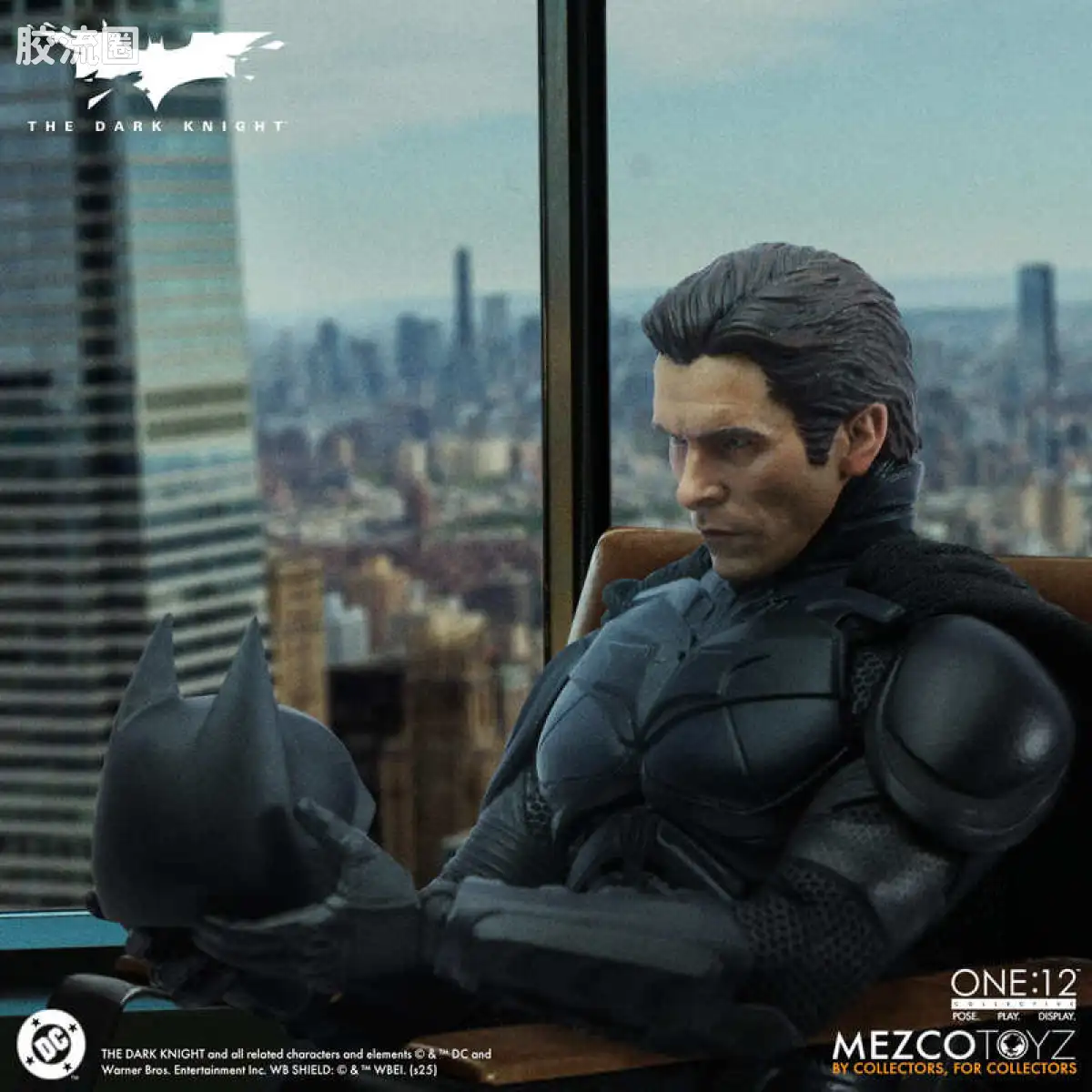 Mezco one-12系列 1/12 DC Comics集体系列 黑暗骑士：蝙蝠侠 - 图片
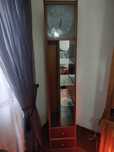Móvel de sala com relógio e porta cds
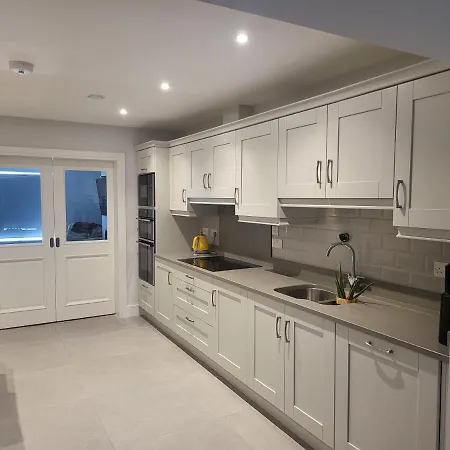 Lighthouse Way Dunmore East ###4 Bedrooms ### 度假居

*Problem details*: Restate the whole listing above exactly, please, omitting every image.

*Answer to the problem*:
 Mezco one-12系列 1/12 DC Comics集体系列 黑暗骑士：蝙蝠侠 - 图片
Móvel de sala com relógio e porta cds
 Lighthouse Way Dunmore East ###4 Bedrooms ### 度假居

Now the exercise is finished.